Naar boven ↑

Rechtspraak

Kern

Werknemer is in 2002 in dienst getreden van werkgever. In 2003 valt hij uit wegens burn-outklachten. Kort daarop verzoekt werkgever de ontbinding van de arbeidsovereenkomst met werknemer. Na afwijzende beschikking van de kantonrechter verzoekt de werkgever toestemming van de CWI de arbeidsovereenkomst ‘wegens bedrijfseconomische redenen’ op te zeggen. Met toestemming van de CWI heeft werkgever de arbeidsovereenkomst met werknemer opgezegd tegen 31 oktober 2004.

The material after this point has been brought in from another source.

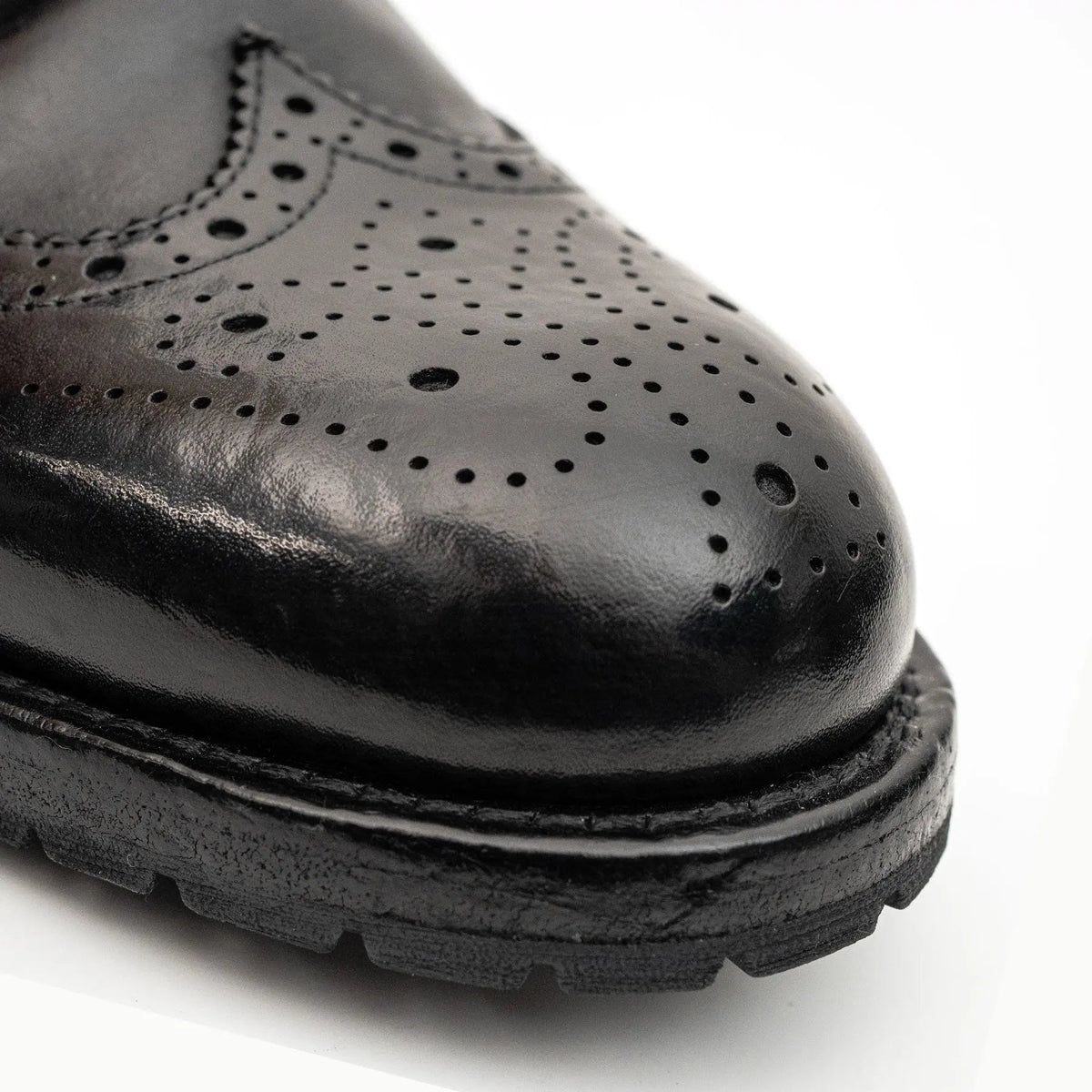 Black Washed Leather Brogue Martin Boot DIVINCH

Volgens werknemer kennelijk onredelijk ontslag vanwege het zogenoemde gevolgencriterium. Hoewel hij een betrekkelijk kort dienstverband heeft gehad met werkgever is de opzegging gezien zijn leeftijd (50) en langdurige arbeidsongeschiktheid kennelijk onredelijk. Daarnaast heeft de werkgever onvoldoende re-integratie-inspanning ondernomen. Volgens het hof heeft de werkgever inderdaad de re-integratie van werknemer, die was uitgevallen als gevolg van een burn-out, belemmerd, althans nadelig beïnvloed. Het feit dat kort na het uitvallen van werknemer een ontbindingsprocedure werd gestart is hiervan een voorbeeld. Het hof is voorts van oordeel dat alleszins aannemelijk is dat werknemer eerder (vóór het einde van het dienstverband met werkgever) hersteld zou zijn geweest en, zoal niet volledig hersteld, dan toch een betere positie op de arbeidsmarkt ten tijde van het ontslag zou hebben gehad, indien werkgever haar re-integratieverplichtingen jegens hem naar behoren was nagekomen. Aan werknemer wordt een vergoeding van € 30.000,00 bruto toegekend.